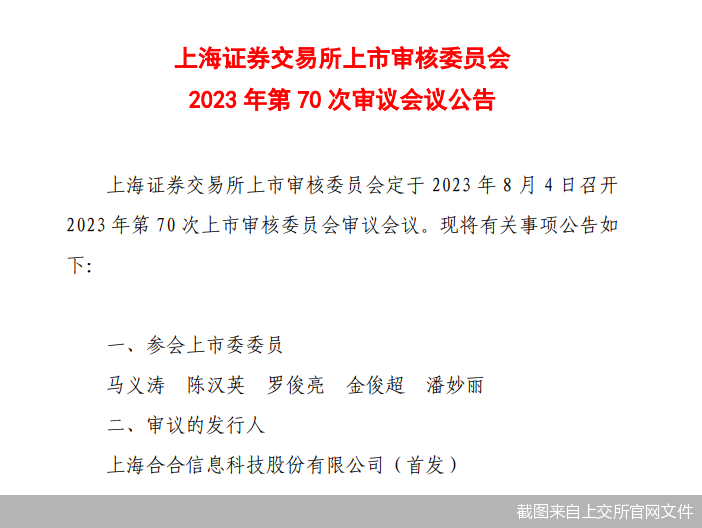 截图来自上交所官网文件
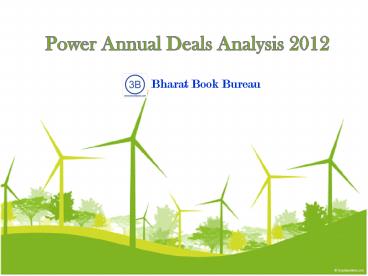 Power Annual Deals Analysis 2012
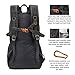WALUCAN Lightweight Foldable Packable Durable Travel Hiking Backpack Daypack LARGE 35L,35L-Black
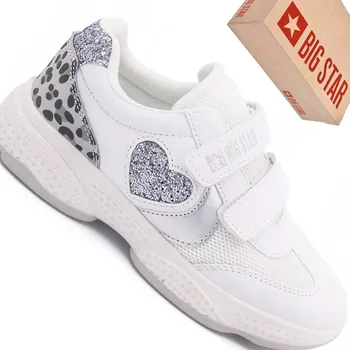 Dívčí tenisky Big Star Dívčí sportovní boty KK374022 Bílé 31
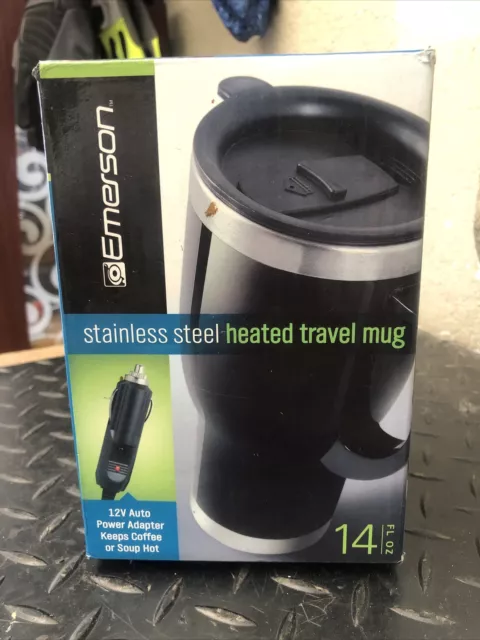 Emerson Stainless Steel Heated Travel Mug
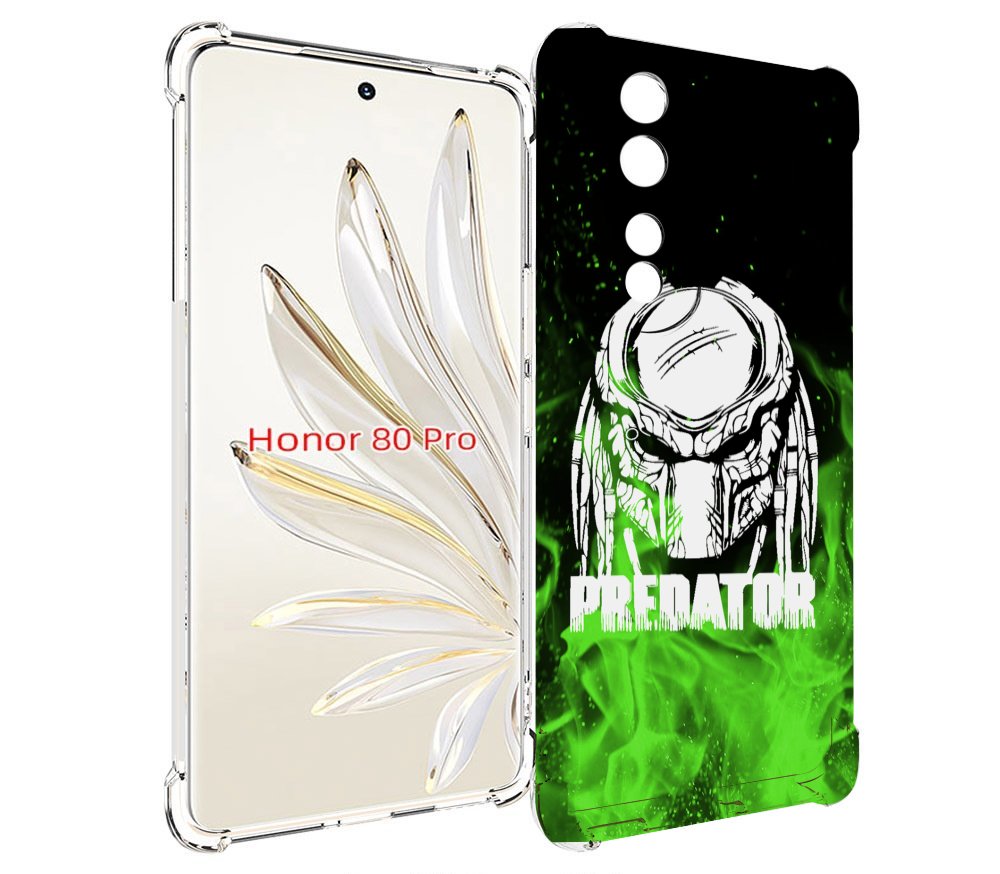 

Чехол MyPads Знак-хищника для Honor 80 Pro, Прозрачный, Tocco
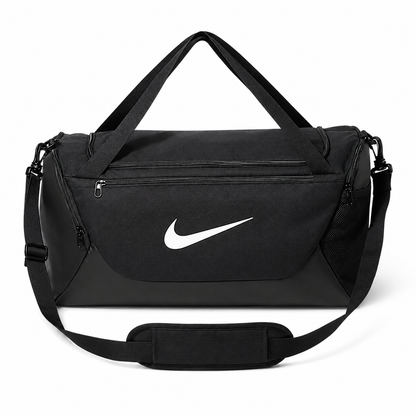 Nike Brasilia Gym Bag – Black / White Swoosh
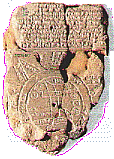 Babylonische Karte mit Weltdarstellung in Stein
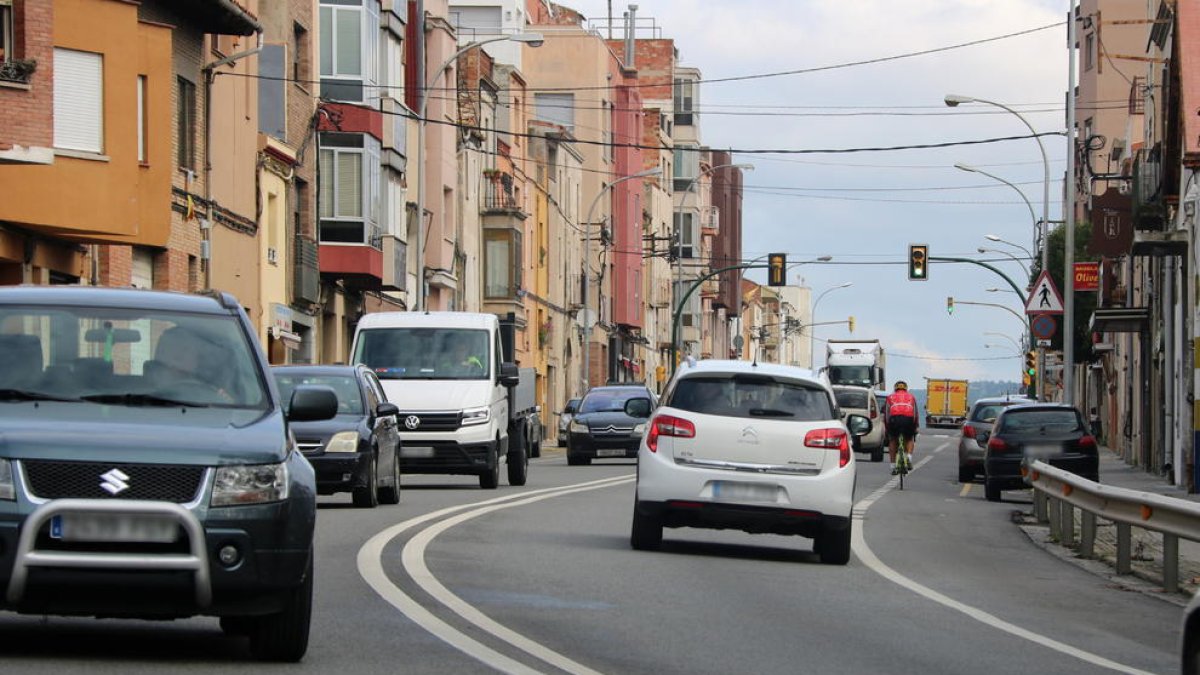 vehicles pesants, desdoblament, desviament, retirada, trànsit, camions, pacte de berà, n-340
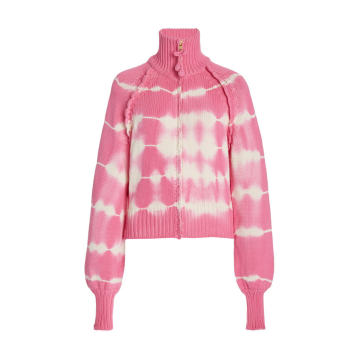 Florrie Tie-Dyed Cotton-Knit Sweater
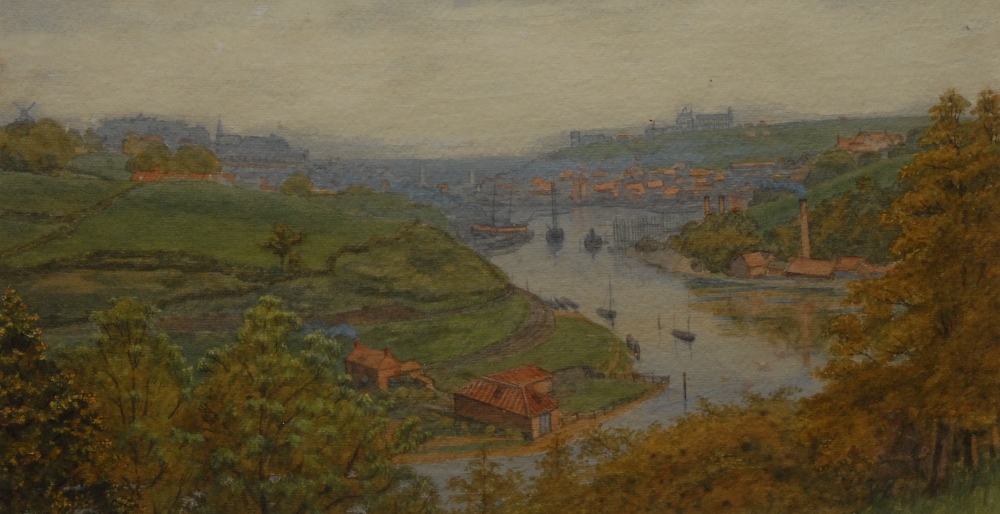 Henry Ellmoor
Whitby From The Hilltop
watercolour, signed and inscribed to verso, 24cm x 46cm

▬▬▬▬▬▬

# Work instructions
An exact transcription is needed, covering the line with "Power Annual Deals Analysis 2012" and every line after it to the end of the entries, but not the pictures.

# Solution to the problem
 Power Annual Deals Analysis 2012
WALUCAN Lightweight Foldable Packable Durable Travel Hiking Backpack Daypack LARGE 35L,35L-Black
 Dívčí tenisky Big Star Dívčí sportovní boty KK374022 Bílé 31
 Emerson Stainless Steel Heated Travel Mug

Чехол MyPads Знак-хищника для Honor 80 Pro, Прозрачный, Tocco
 Nike Brasilia Gym Bag – Black / White Swoosh
 Babylonische Karte mit Weltdarstellung in Stein
 vehicles pesants, desdoblament, desviament, retirada, trànsit, camions, pacte de berà, n-340
 Florrie Tie-Dyed Cotton-Knit Sweater
 Henry Ellmoor
Whitby From The Hilltop
watercolour, signed and inscribed to verso, 24cm x 46cm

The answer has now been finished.